Le manioc : un pilier pour la sécurité alimentaire
Dans les régions d’Afrique subsaharienne, le manioc joue un rôle essentiel dans la lutte contre l’insécurité alimentaire. Cet aliment polyvalent se transforme, par divers procédés traditionnels, en produits locaux consommés par des millions de personnes. Parmi ces procédés, le rouissage, une fermentation naturelle qui se produit lorsque les racines de manioc sont immergées dans l’eau, est déterminant pour améliorer la texture et les propriétés culinaires du manioc. Ce processus influence non seulement la qualité du produit final, comme le « bâton de manioc », mais également l’adoption de certaines variétés par les agriculteurs.
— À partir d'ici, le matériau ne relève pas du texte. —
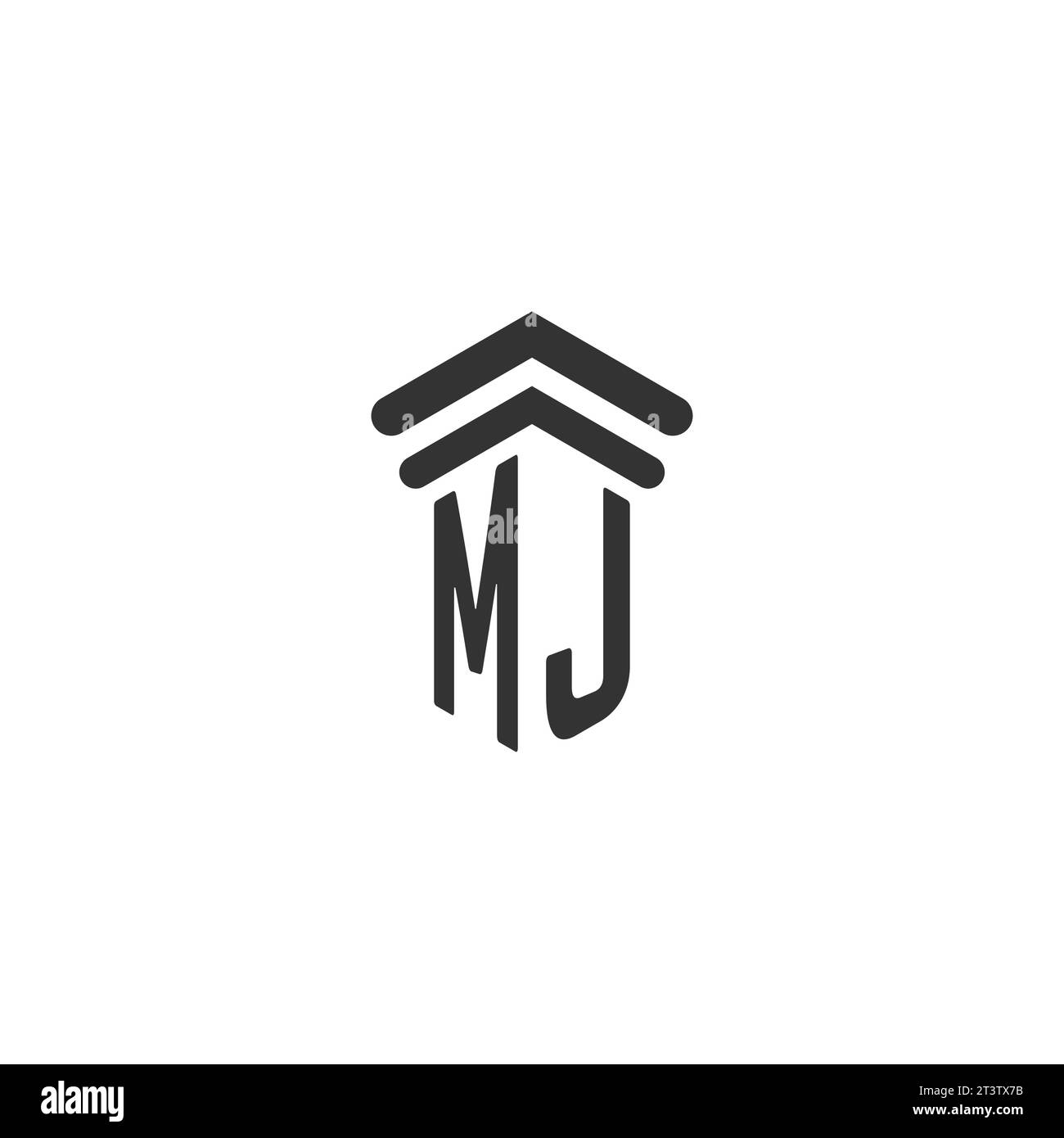 MJ initial for law firm logo design template Stock Vector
Des essais sur huit variétés dans des zones agro-écologiques contrastées
Le travail de Germaine-Alice WAKEM s’inscrit dans le projet international RTBFoods, qui cherche à comprendre les caractéristiques de qualité influençant l’adoption des variétés de racines, tubercules et bananes dans cinq pays d’Afrique. Sa recherche a porté sur huit variétés de manioc cultivées dans deux zones agro-écologiques distinctes du Cameroun. Ces zones, choisies pour leur diversité pédoclimatique, comprenaient une région forestière caractérisée par des sols ferralitiques et une zone montagneuse avec des sols volcaniques.
Les tests menés ont révélé des différences significatives dans le processus de rouissage selon les variétés et les conditions agro-écologiques. Par exemple, la fermeté des racines de manioc a diminué dans toutes les variétés après le rouissage, mais à des vitesses variables. Les différences dans la composition des parois cellulaires des racines, en particulier la présence de petites cellules denses ou de grandes cellules en quantité limitée, ont également influencé la rapidité du ramollissement.
Un impact sur les propriétés de l’amidon et la sélection variétale
L’étude a mis en lumière l’influence du rouissage sur les propriétés d’empesage de l’amidon contenu dans les racines de manioc. L’amidon, essentiel à la texture du bâton de manioc, voit ses propriétés de viscosité, d’élasticité et d’étirabilité modifiées par le processus de fermentation. Ces résultats ouvrent de nouvelles perspectives pour les sélectionneurs de manioc, en particulier dans l’identification d’indicateurs biophysiques qui pourraient faciliter la sélection variétale.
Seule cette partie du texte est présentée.